Activism and honors 
In 2018, Bosworth was included in People magazine's list of 25 Women Changing the World. In late 2018, she and husband Michael Polish debuted their privately funded film Nona, which focuses on the issues of human trafficking. She works closely with CAST, the Coalition to Abolish Slavery and Trafficking.

In 2018, Bosworth and Polish opened the Montana Institute of the Arts, a summer school for filmmaking students.

Personal life 
Bosworth was accepted to Princeton University in late 2000, but because of continual deferral of her attendance, her acceptance was revoked. She is a member of the Appalachia Service Project.

She had a relationship with actor Orlando Bloom from 2002 to 2005.

In mid-2011, she began dating American director Michael Polish, whom she met earlier that year when he directed her in Big Sur. They announced their engagement in August 2012, and married on August 31, 2013, in Philipsburg, Montana.
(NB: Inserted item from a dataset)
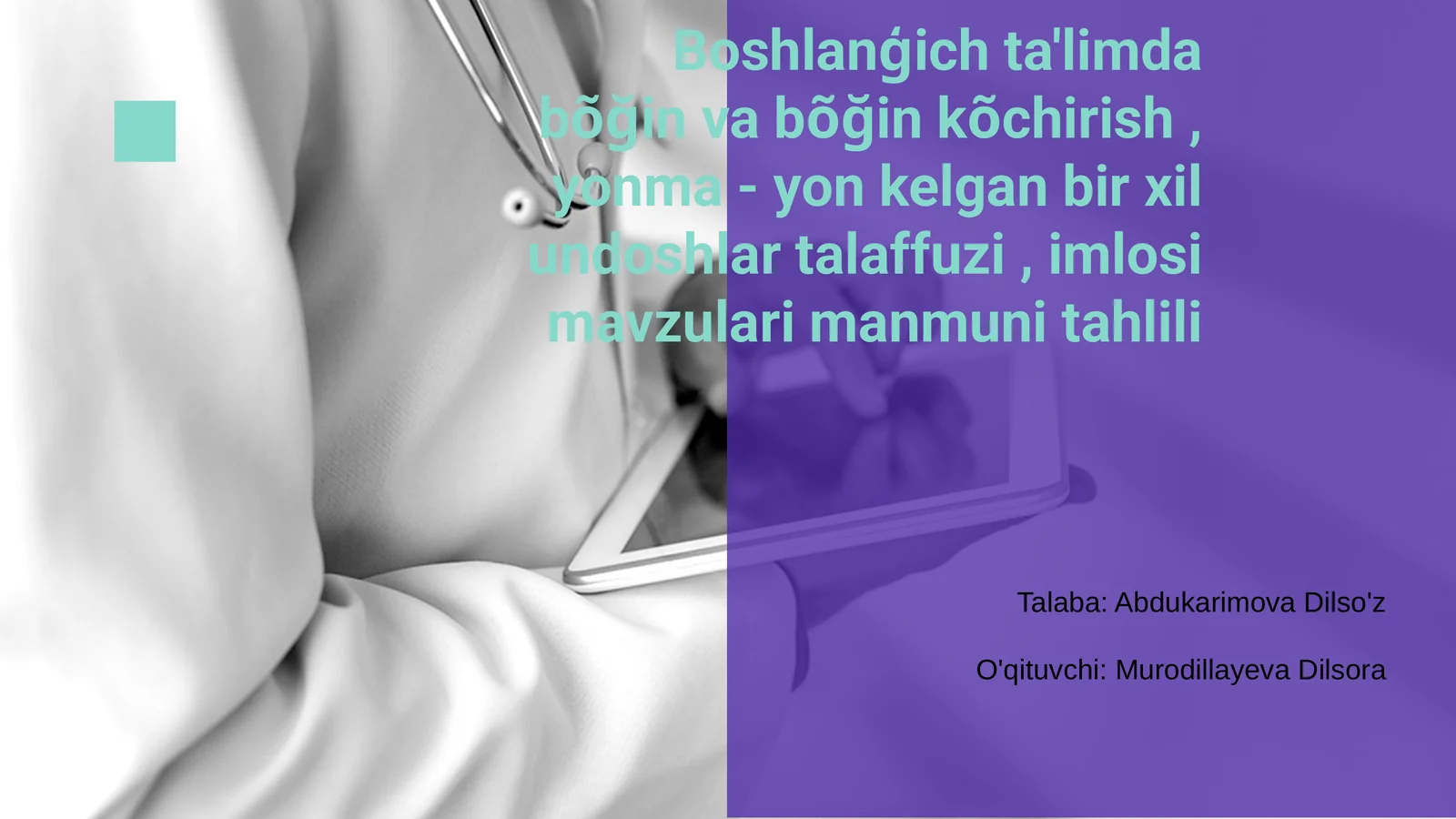 Product slide 1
In August 2021 she announced her separation from Polish. Bosworth is the stepmother to Jasper, Polish's daughter from a previous marriage, whom Bosworth said was “hands-down the greatest unexpected gift of her life”.

She is a member of Soka Gakkai International, an organization of Nichiren Buddhism and Mahayana Buddhism. She enjoys running and Pilates, and practices meditation.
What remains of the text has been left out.